From the main menu in the Fluix Admin portal, click ‘Configuration’.
In the side menu on the left of your screen, click ‘Roles’. Here you’ll see an overview of all users in your Fluix account.
To create a new role for an existing user, click the ‘New Role’ button in the top right corner of your screen. You can choose a pre-existing role or select ‘Blank Template’ to create a new one.
To create a new role, click ‘Blank Template’, then enter the name of the user who you’d like to assign the role to, and click ‘Select’. Next, set the permissions you’d like the users who are assigned this role to have, then give the new Role a name in the text box in the top left corner of your screen, and finish by clicking the “Save & Apply” button to successfully create your role.
At Fluix, we understand the importance of finding secure Cloud storage for your documents.
We offer reliable, built-in cloud storage that makes it easy for you to organize and manage your company documents.

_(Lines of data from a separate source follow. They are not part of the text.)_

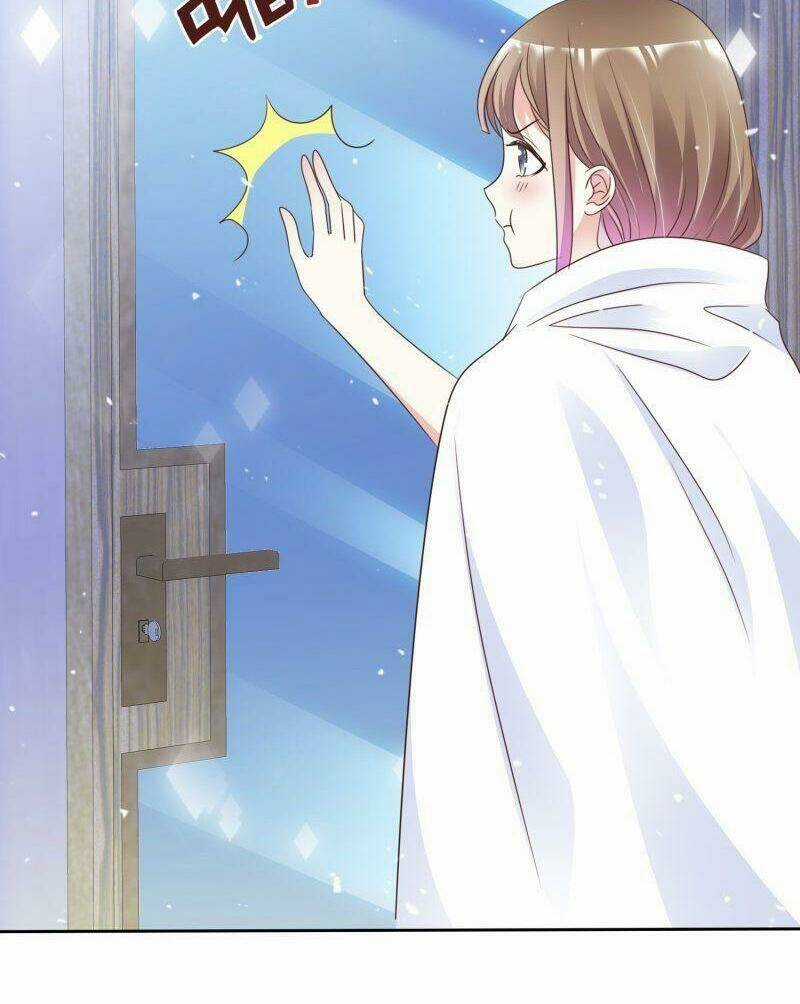 Bồn Nhiên Tinh Động Chapter 62 trang 8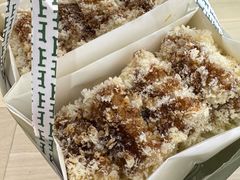 -北京世纪金源购物中心(远大路店)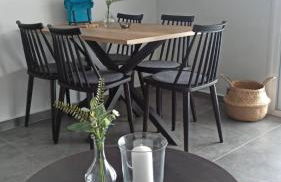 Sea Breeze luxury apartments - Foto 37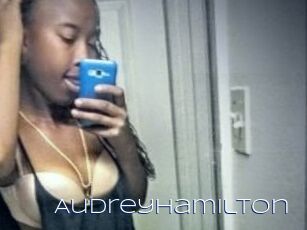 Audrey_Hamilton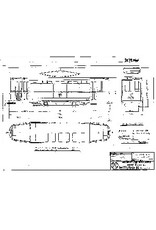 MBT 20.73.040 motorrijtuig RET 202-221
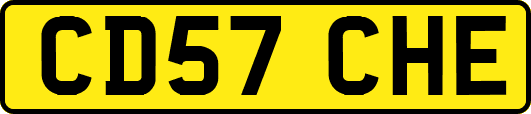 CD57CHE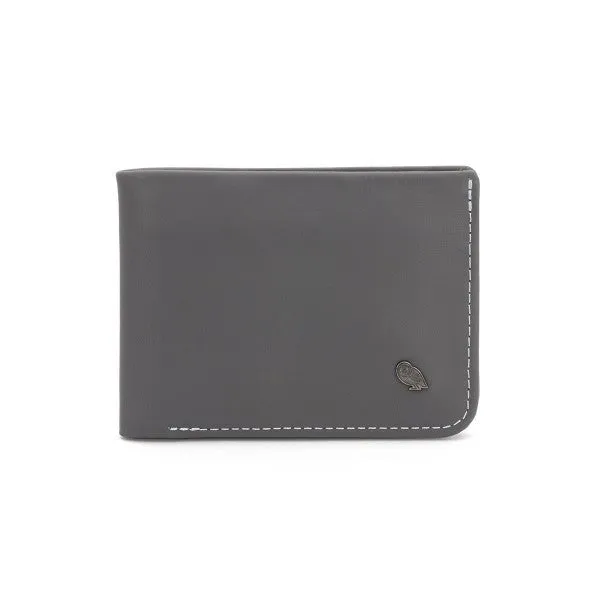 Bellroy Hide & Seek Wallet - HI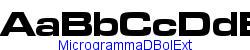 MicrogrammaDBolExt   64K (2002-12-27)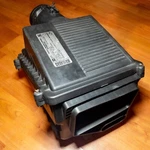 Oem Gm 2014 Silverado Sierra Tahoe Yukon V8 5.3 Factory Air Filter Intake Box. Fixed Price $90.00.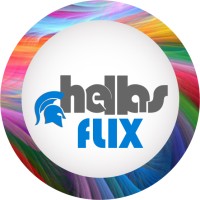 Hellas Filmes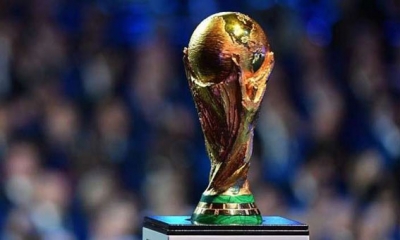 بعد اكتمال نصاب مدربي كأس العالم: الركراكي صاحب أعلى راتب للمدربين الأفارقة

Documents are encrypted and securely stored, without any time limitation. You can also view document history and download previous versions of documents. Deleted files can be stored for up to 999 days, ensuring full traceability for compliance purposes.
Access to documents housed in Fluix Storage is managed directly via the Fluix Admin Portal. You can provide your team member their role.
When you create workflows in Fluix, you can use Fluix storage as the source for the files your teams will work with in the field, and as a destination place for submitted documents.
Businesses around the world trust Fluix with their documents – 91% of our customers are using Fluix storage to power their team’s productivity.
Our Security white paper details our commitment to data security and is available on our website.
Let’s take a look at how to work with the security settings in your Fluix account.
From the main menu in the Fluix Admin portal, click ‘Configuration’. You’ll see three options under the Settings section: Security, File Sharing, and Email Notifications.
In the Security section, you can choose to allow users to work offline on an iOS device, and you can also enable Two-factor Authentication.
Further down the page, you’ll see three options that will allow you to decide how long documents will be kept on Fluix’s servers.
Next, you’ll see the option to allow users to store their signature on their iOS devices.
The final section of Fluix’s Security Settings is the default PDF password option, which allows your users to open password-protected PDFs without entering a password each time.
Let’s take a look at remote document storage options.
Fluix provides its own cloud storage and also integrates with all major cloud services.
You’ll find both options under the Configuration tab in the main menu of the Fluix Admin Portal.
Let’s take a look at Fluix Storage first.
As an Admin, you have access to Fluix storage right away – it’s already set up and ready to go in your Fluix account.
We recommend using Fluix Cloud Storage because you can keep all of your documents and workflow processes in the same place, as well as uploading files, renaming or sorting them into folders, checking previous versions of files and recovering deleted ones.
You can choose the access permissions for specific users, as well as the actions they’ll be permitted to take. We’ll show you how to do that in more detail in a separate tutorial.
For now, let’s take a look at remote storage options.
If you’re already using a cloud storage solution like Dropbox, Google Drive, Box, One Drive or SharePoint, you can easily connect it to Fluix by navigating to ‘Remote Storages’ and clicking on the ‘Connect Storage’ button. You can also connect your own on-premises company storage via WebDAV, FTP or SFTP.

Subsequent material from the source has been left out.